KG just needs to get a double figure night and he's the sole leader as Howard only got 9 tonight. :cheers: :clap:


----------



## Avalanche (Nov 17, 2005)

moss_is_1 said:


> KG just needs to get a double figure night and he's the sole leader as Howard only got 9 tonight. :cheers: :clap:


word :cheers: 

he should do against the sonics frontline


----------



## moss_is_1 (Jun 14, 2004)

Avalanche said:


> word :cheers:
> 
> he should do against the sonics frontline


Yeah, they're leading rebounder is averaging like 5.9 a game. :eek8:


----------



## Pimped Out (May 4, 2005)

KG: 12.32786885246 Rebounds Per Game :banana: :banana: 
Shawn Marion: 12.31666666667 Rebounds Per Game
Dwight Howard: 12.29508196721 Rebounds Per Game


----------



## Avalanche (Nov 17, 2005)

this is pretty much the best part of the season.
good work by kg.. but disappointing none the less


----------



## moss_is_1 (Jun 14, 2004)

Yeah now I'm just worried about KG getting his 7th straight 20-10-5 season he's only avg. like 4.3 assists so I think that will end...


----------



## JuX (Oct 11, 2005)

moss_is_1 said:


> Yeah now I'm just worried about KG getting his 7th straight 20-10-5 season he's only avg. like 4.3 assists so I think that will end...


Yeah, a several big changes in roster probably hurt his assist numbers a little.


----------



## The King of the World (Dec 28, 2003)

As of today, 

1. Garnett 12.3
2. Marion 12.3
3. Howard 12.2
4. B.Wallace 12.0

KG is also tied with Marion for the league lead in double doubles (49).


----------



## JuX (Oct 11, 2005)

KG has finally taken the lead over Shawn Marion. Dwight Howard stands at 3.

As of 3/16/06:

KG 12.4
Marion 12.3
Howard 12.2


----------



## JuX (Oct 11, 2005)

3/20/06

Garnett 12.4
Marion 12.3
Howard 12.3
Wallace 11.8

Can I safely say Ben Wallace is out of race?


----------



## the main event (Aug 22, 2005)

yes you can


----------



## moss_is_1 (Jun 14, 2004)

KG aslo took the double doubles lead!
1.KG - 53(67 games)
2.Marion - 52(66 games)
3.Dwight Howard - 49(67 games)
4.Duncan - 44(66 games)
Well he's played 1 more game and has one more so technincally they are tied but I think he will pull it out.


----------



## JuX (Oct 11, 2005)

Shawn Marion did not play well vs Utah last night, so it helped widen the gap between him and KG. (15 points, 9 rebs.)

Sweet.


----------



## moss_is_1 (Jun 14, 2004)

KG with another double double tonight and it looks like Marion won't get his because they are up 18 on the Blazers with about 8 minutes left and he has only 7 boards! :banana: :banana:


----------



## Avalanche (Nov 17, 2005)

KG has been playing really well lately, he looks really solid as compared to early on in the season when he was a bit up and down.
i can see him getting a double double every game for the rest of this season and walking away on top of that and the rebounding title.


----------



## JuX (Oct 11, 2005)

KG finally get away atop the top with 12.5. The battle of him and Howard did much the damage as The Big Ticket dominated the younger player. 11 games left now.
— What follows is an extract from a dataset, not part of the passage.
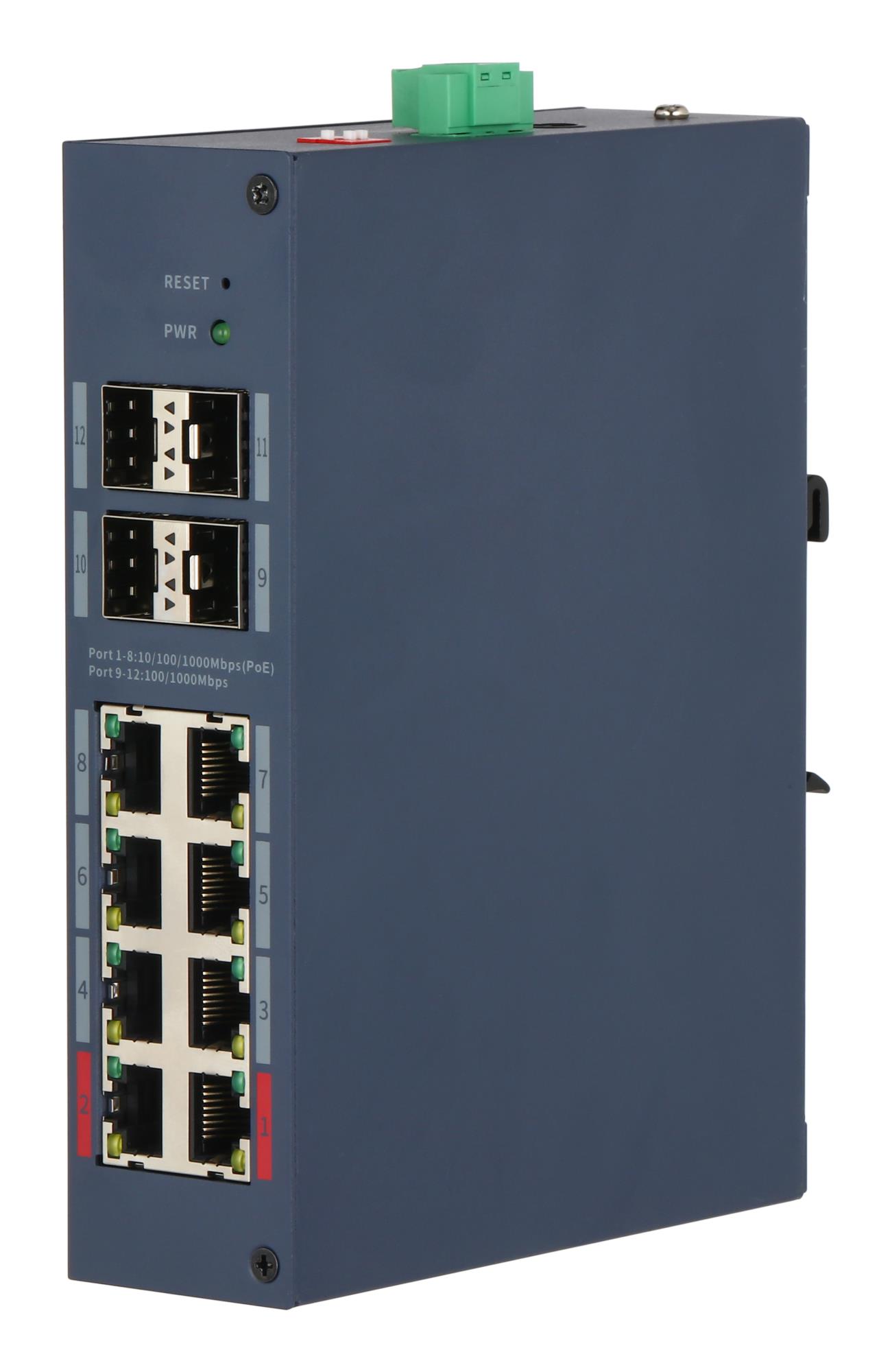 Switch|DAHUA|CHS4412-8GT-125|Switch type Managed|Switch layer L2|Form factor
KG 12.5 and Dwight Howard 12.3. Will the rebounding crown be his?


----------



## Avalanche (Nov 17, 2005)

Juxtaposed said:


> Will the rebounding crown be his?


definately... he has been huge on the boards for weeks now, and i dont see him slowing up before seasons end.


----------



## moss_is_1 (Jun 14, 2004)

He's pulling away, 12.6 .3 ahead of Howard I think.

KG also posted his 30th straight Doublex2


----------



## moss_is_1 (Jun 14, 2004)

3rd 20/20 game tonight
31 straight doublex2


----------



## Avalanche (Nov 17, 2005)

moss_is_1 said:


> 3rd 20/20 game tonight
> 31 straight doublex2


huge game from KG tonight... the wolves have been a huge disappointment, but KG has been back to his bad self the second half of the season.
anyone got his stats since ASG?


----------



## moss_is_1 (Jun 14, 2004)

Avalanche said:


> huge game from KG tonight... the wolves have been a huge disappointment, but KG has been back to his bad self the second half of the season.
> anyone got his stats since ASG?



I could try to pull them up, I don't remember when the all-start weekend was for sure, but I'll figure it out...I should post them up tonight but maybe tommorow after I got home.


----------



## Avalanche (Nov 17, 2005)

feb 19th i think it was man.. or roughly around there.


----------



## moss_is_1 (Jun 14, 2004)

Avalanche said:


> feb 19th i think it was man.. or roughly around there.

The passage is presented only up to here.